→ **EXERCISE AIM**
Would you transcribe the records below from the line with "las estrellas de" to the line with "Happier Nude Boucle Knit Over The Knee Boots", ends included, exactly and with nothing more, leaving the pictures out?

(Beginning of DATA EXTRACT)

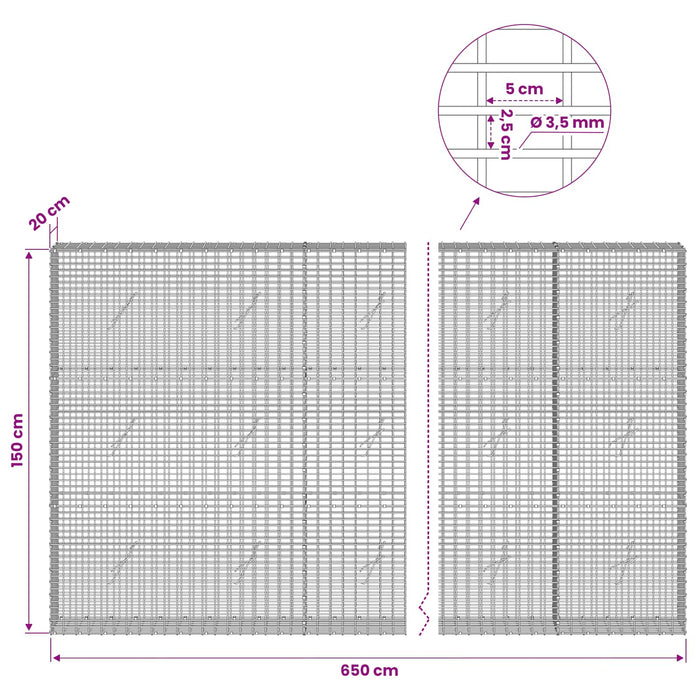 Gabion cu fir de 3,5 mm și plasă de 5x2,5 cm 650x20x150 cm WALTI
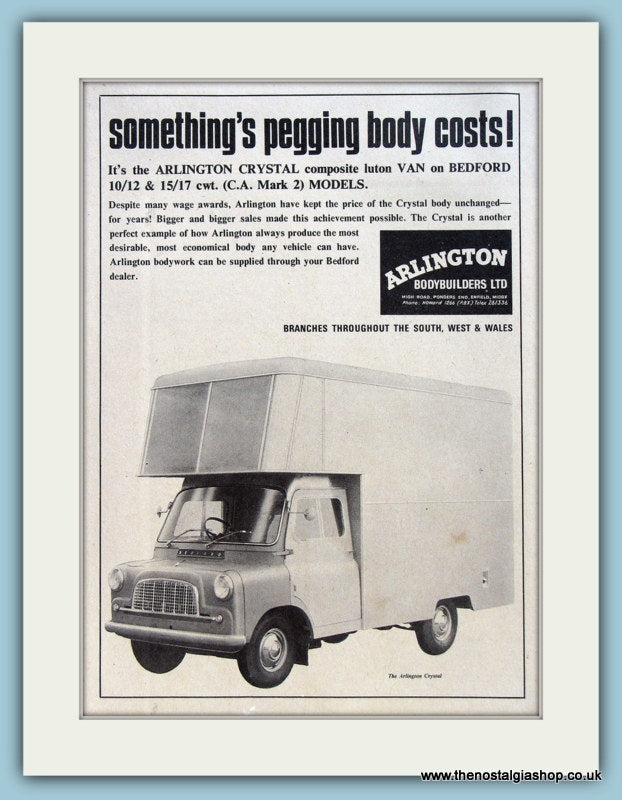 Arlington Crystal Bedford Van Original Advert 1966 (ref AD2974)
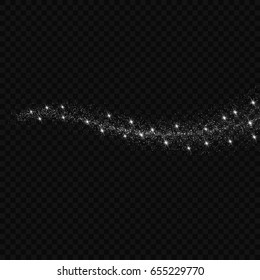 las estrellas de efecto luminoso brillan con chispas aisladas. partículas mágicas de polvo. Ilustración vectorial chispeante cola cometa sobre fondo transparente.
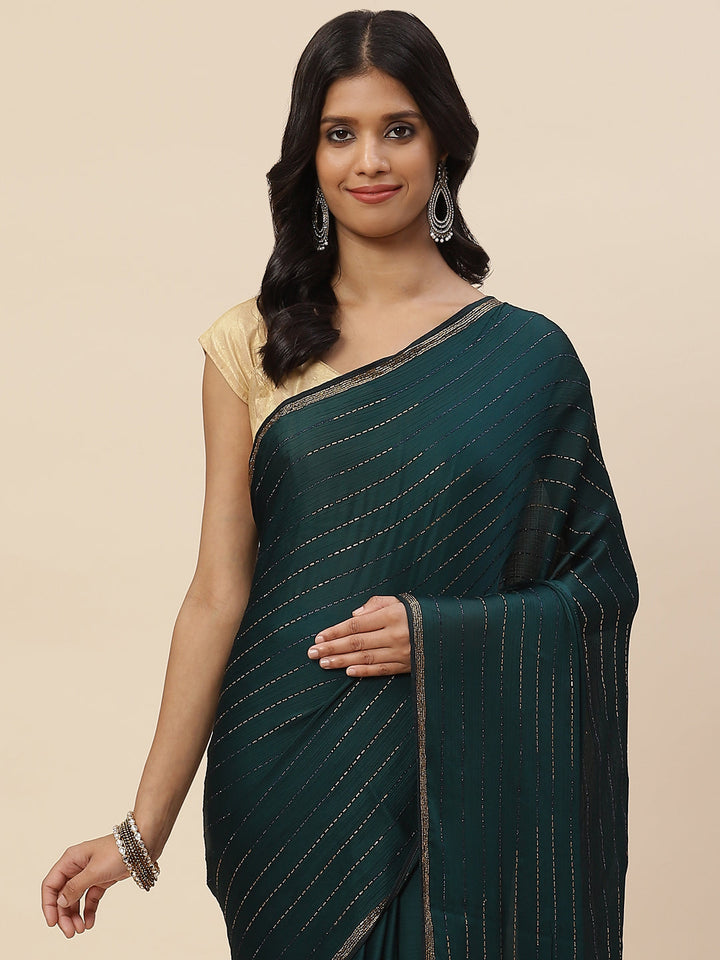 Stone Embroidered Chiffon Saree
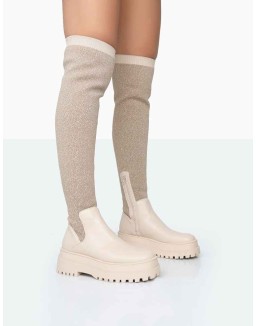 Happier Nude Boucle Knit Over The Knee Boots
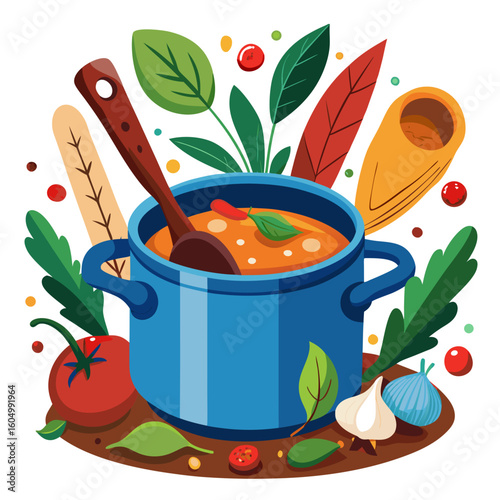 Hearty homemade soup in a blue pot with fresh ingredients and herbs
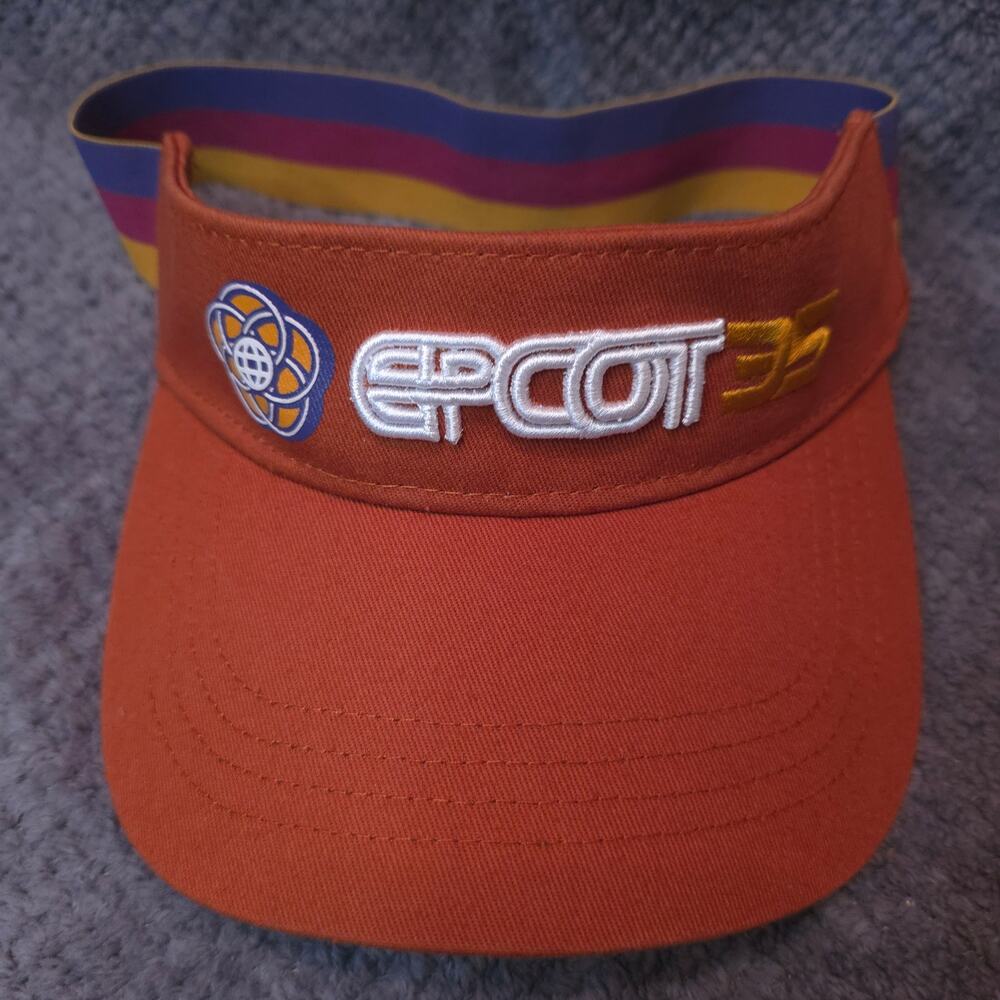 EPCOT 35 Visor Unisex Adult 56-59 cm orange Disney Parks elastic embroidered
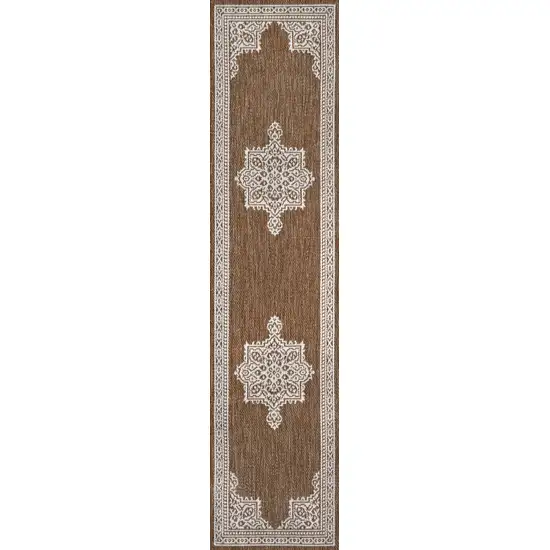 8' Terra Cotta And Cream Medallion Indoor Outdoor Runner Rug Photo 1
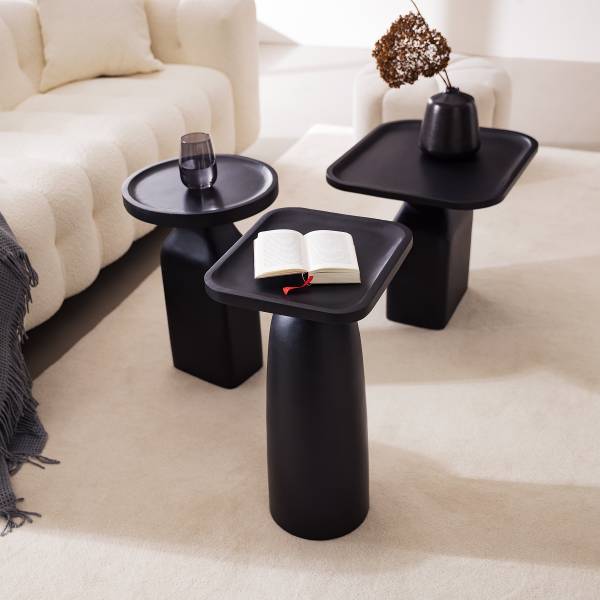 Massiver Beistelltisch BOUZZ Small - Mango Schwarz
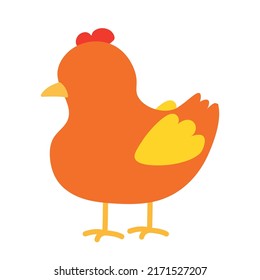 Cute Flat Hen Chicken Farm Collection Graphic Image in White Background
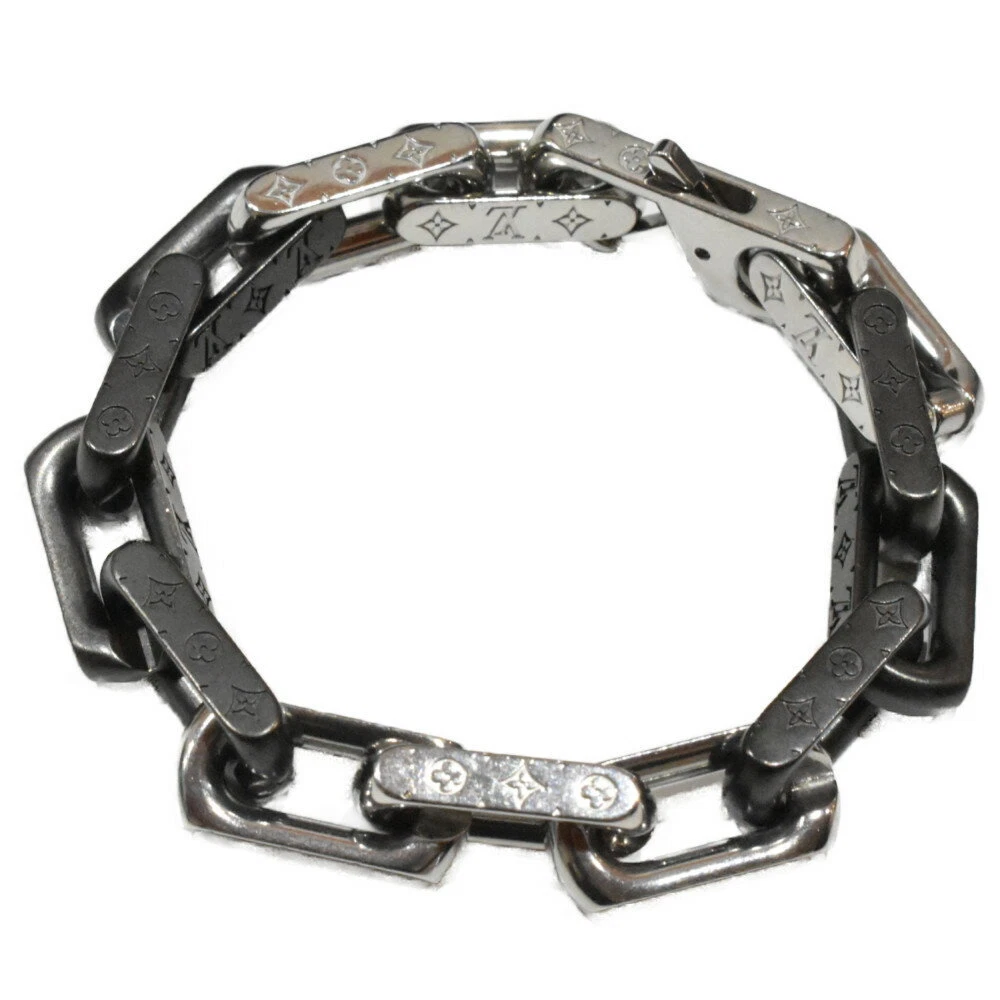 Louis Vuitton Monogram Chain Bracelet Silver/Black/Ruthenium in Stainless  Steel - US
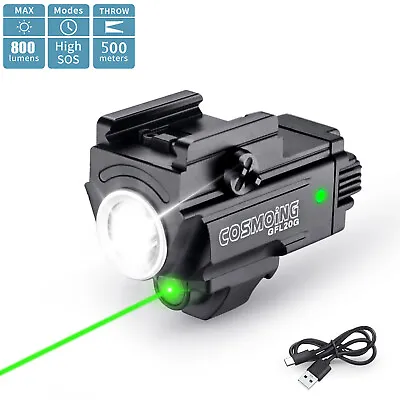 800 Lumens USB Rechargeable Green Laser Gun Weapon Pistol Light Flashlight Combo • $33.08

(End of DATA EXTRACT)

→ **ANSWER TO THE PROBLEM**
 las estrellas de efecto luminoso brillan con chispas aisladas. partículas mágicas de polvo. Ilustración vectorial chispeante cola cometa sobre fondo transparente.
 Stone Embroidered Chiffon Saree
 Happier Nude Boucle Knit Over The Knee Boots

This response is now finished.